Given records:
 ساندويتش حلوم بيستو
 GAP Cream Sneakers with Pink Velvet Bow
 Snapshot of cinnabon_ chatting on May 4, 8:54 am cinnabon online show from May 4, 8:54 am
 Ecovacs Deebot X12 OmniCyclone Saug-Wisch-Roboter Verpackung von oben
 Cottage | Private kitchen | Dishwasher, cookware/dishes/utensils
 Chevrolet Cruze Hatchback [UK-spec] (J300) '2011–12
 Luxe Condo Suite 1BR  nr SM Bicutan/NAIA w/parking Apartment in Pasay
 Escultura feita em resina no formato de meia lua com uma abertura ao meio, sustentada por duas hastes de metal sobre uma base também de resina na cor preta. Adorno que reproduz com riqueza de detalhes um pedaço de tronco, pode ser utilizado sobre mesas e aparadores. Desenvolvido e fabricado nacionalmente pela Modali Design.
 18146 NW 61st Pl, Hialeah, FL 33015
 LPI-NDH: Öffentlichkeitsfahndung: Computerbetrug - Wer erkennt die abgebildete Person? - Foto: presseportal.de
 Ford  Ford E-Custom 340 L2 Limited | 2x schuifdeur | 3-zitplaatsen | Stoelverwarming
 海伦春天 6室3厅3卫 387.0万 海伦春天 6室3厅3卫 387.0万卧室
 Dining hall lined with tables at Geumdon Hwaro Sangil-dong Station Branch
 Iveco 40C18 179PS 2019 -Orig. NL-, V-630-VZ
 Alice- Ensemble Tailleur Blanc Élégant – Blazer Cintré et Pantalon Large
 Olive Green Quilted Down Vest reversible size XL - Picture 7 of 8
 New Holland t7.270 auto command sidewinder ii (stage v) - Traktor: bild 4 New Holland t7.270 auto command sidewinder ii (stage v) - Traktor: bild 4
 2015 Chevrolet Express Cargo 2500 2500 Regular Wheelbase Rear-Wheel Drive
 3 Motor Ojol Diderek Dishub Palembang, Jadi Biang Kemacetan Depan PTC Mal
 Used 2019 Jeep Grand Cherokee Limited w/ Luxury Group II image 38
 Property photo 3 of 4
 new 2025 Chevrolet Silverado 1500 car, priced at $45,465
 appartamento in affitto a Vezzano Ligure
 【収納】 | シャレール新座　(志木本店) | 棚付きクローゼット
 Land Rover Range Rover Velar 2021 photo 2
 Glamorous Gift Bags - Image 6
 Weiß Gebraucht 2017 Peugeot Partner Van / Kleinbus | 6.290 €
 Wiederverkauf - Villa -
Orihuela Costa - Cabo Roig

Problem: Number of lines containing "Chevrolet" in the data: state it and nothing more.

Answer box: 3